Worm Breeder's Gazette 8(1): 33
These abstracts should not be cited in bibliographies. Material contained herein should be treated as personal communication and should be cited as such only with the consent of the author.
At the May, 1983 Worm Meetings, I described 2-nm filaments found in the pseudopods of crawling sperm. Recently, much better images of these filaments have been obtained by fixing intact crawling cells on nickel grids, positive staining with uranyl acetate, and critical- point drying.

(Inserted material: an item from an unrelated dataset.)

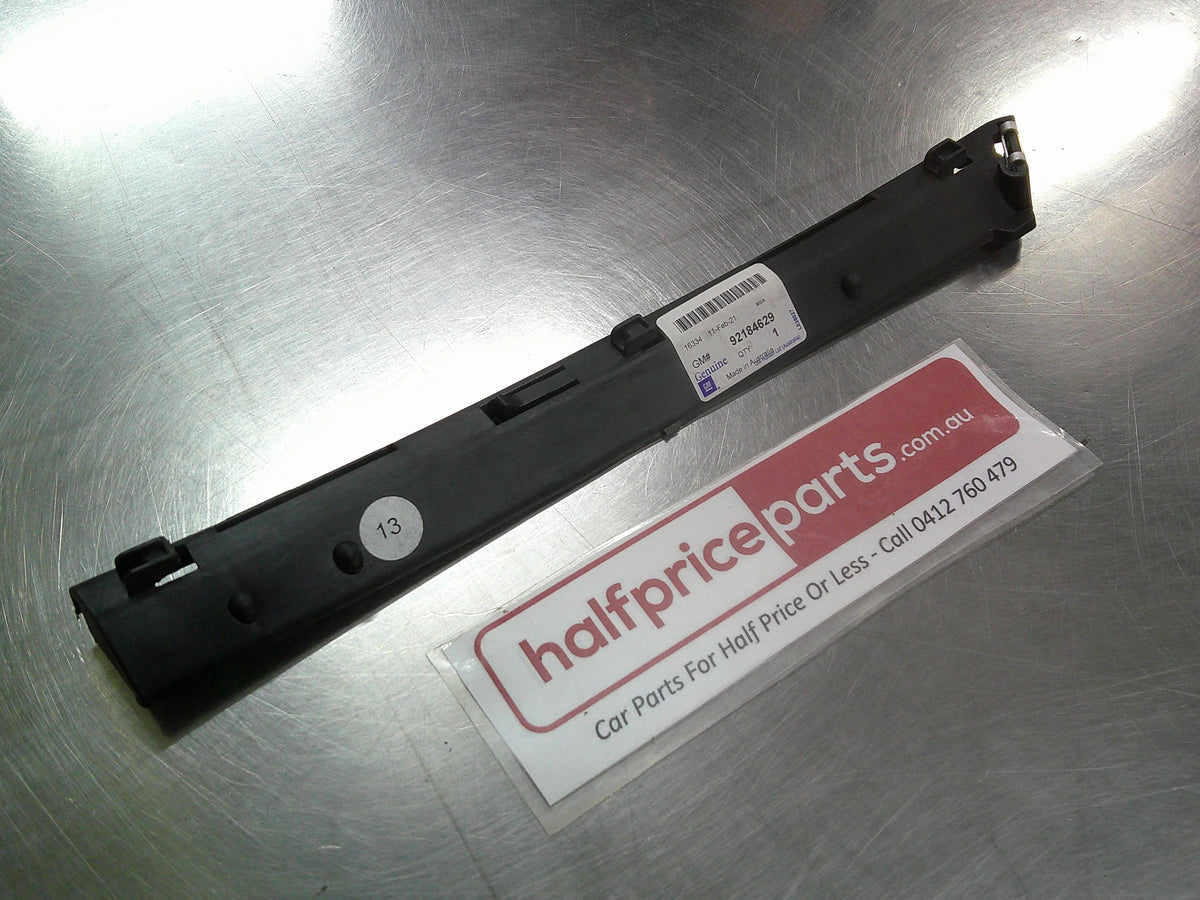 Vz Rear Bumper Holden VZ Commodore/Calais Genuine Right Hand Rear (Drivers) Bumper Br ...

Sperm flatten their pseudopods when they crawl ( thickness ~1-2 m) so that the edges of the pseudopod of whole cells can be studied in a conventional electron microscope operated at 100 KV. These intact cells contain an impressive array of 2-nm filaments surrounded by the amorphous, granular pseudopod cytoplasm. The filaments are relatively short ( 100 nm) and are most oriented nearly parallel to the long axis of the cell. I often find several filaments of about the same length lying parallel to one another but have not seen any interconnections between them. Many of the filaments at the very edge of the pseudopod abut the cytoplasmic face of the plasma membrane. One sidelight of this work has been the continued, consistent failure to find filamentous actin. Sperm clearly lack F- actin and, therefore, must use a different mechanism to crawl. The polypeptide that makes up the 2-nm filaments has not yet been identified. Major sperm protein, described by Mike Klass, remains the leading candidate based on its abundance, its localization in the pseudopod, and its colocalization (by immunofluorescence) with filamentous structures in fibrous bodies of spermatocytes (Ward and Klass, 1982, Dev. Biol. 92: 203-208). I have been trying to immunolabel the 2-nm filaments with an antibody to MSP (we have both a polyclonal rabbit anti-MSP, obtained from Sam Ward, and a new monoclonal anti-MSP generated in our lab). This approach has been hindered by my inability to remove the granular cytoplasm surrounding the filaments without extracting the filaments as well. Recently, I have found that 10-30 min fixation in formaldehyde followed by extraction in Triton X-100 lyses the plasma membrane and removes much of the pseudopod cytoplasm. The pseudopod remnant consists of a honeycomb-like arrangement of cytoplasm which contains numerous 2-nm filaments. These filaments may be sufficiently freed of surrounding cytoplasm to label them convincingly with ferritin- or gold-conjugated antibodies.